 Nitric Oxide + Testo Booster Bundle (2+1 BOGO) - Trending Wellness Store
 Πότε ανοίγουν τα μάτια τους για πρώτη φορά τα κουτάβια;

************

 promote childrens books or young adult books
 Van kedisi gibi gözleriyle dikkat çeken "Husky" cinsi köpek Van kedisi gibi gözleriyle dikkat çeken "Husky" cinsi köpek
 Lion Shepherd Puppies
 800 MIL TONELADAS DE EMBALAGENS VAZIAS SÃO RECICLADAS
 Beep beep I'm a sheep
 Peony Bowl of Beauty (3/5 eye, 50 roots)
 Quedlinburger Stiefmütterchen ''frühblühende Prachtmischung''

************

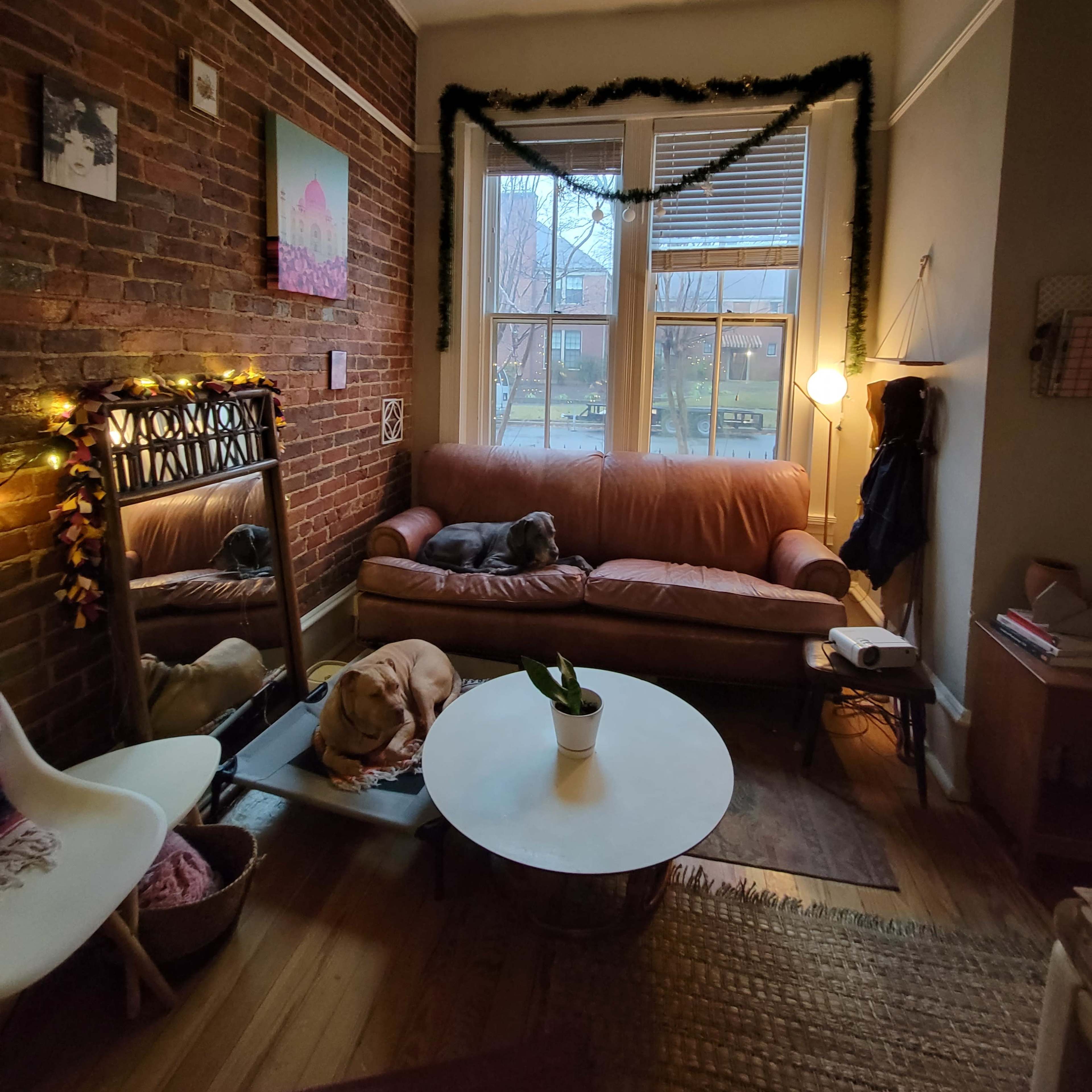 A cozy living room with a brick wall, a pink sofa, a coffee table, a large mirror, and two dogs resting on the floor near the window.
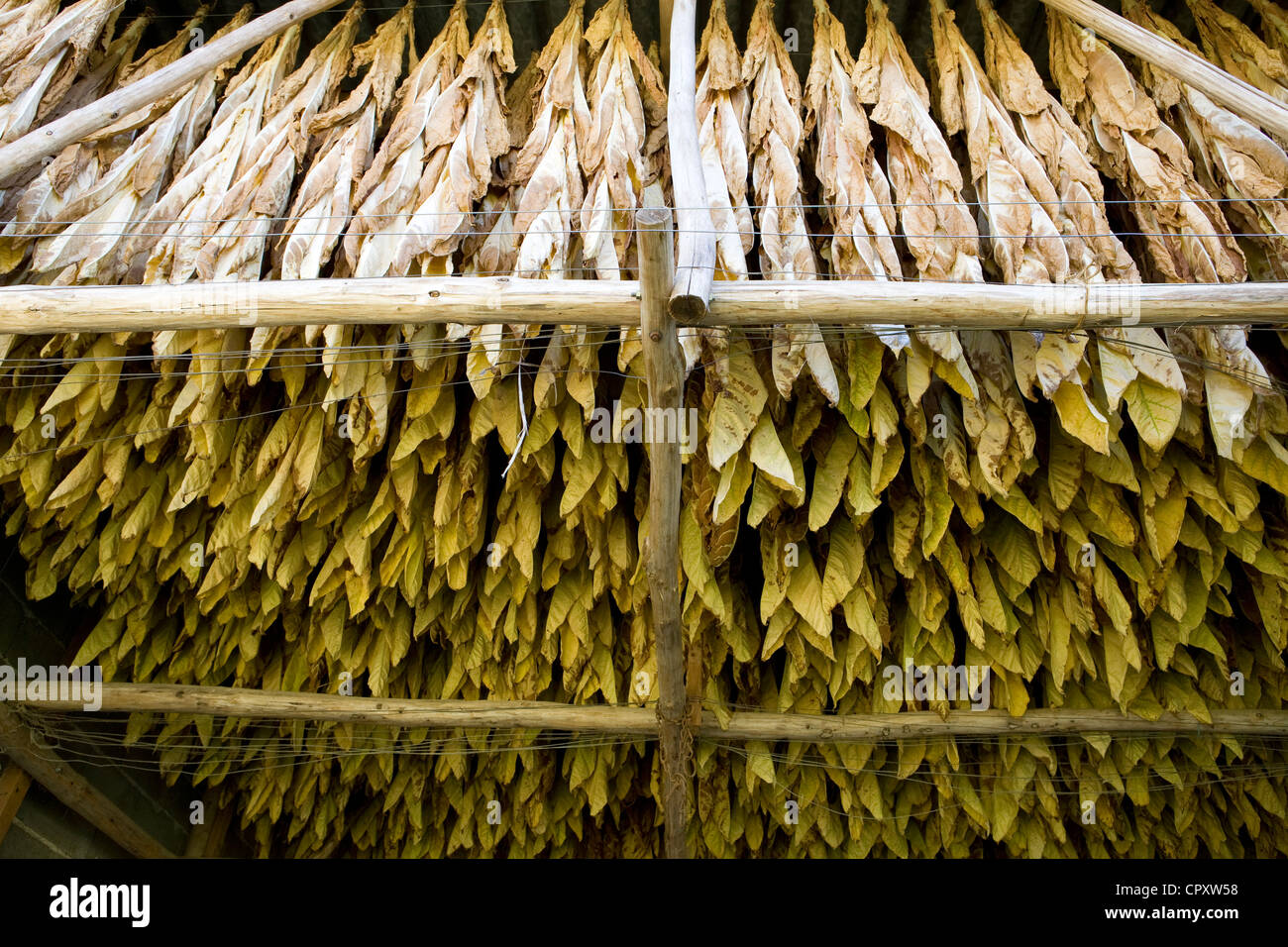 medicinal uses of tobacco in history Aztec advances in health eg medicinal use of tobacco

************

# Exercise prompt:
Output should match, line for line, the stretch of the material above from the line holding "Peony Bowl of Beauty (3/5 eye, 50 roots)" through the line holding "Quedlinburger Stiefmütterchen ''frühblühende".

# Task output:
 Peony Bowl of Beauty (3/5 eye, 50 roots)
 Quedlinburger Stiefmütterchen ''frühblühende Prachtmischung''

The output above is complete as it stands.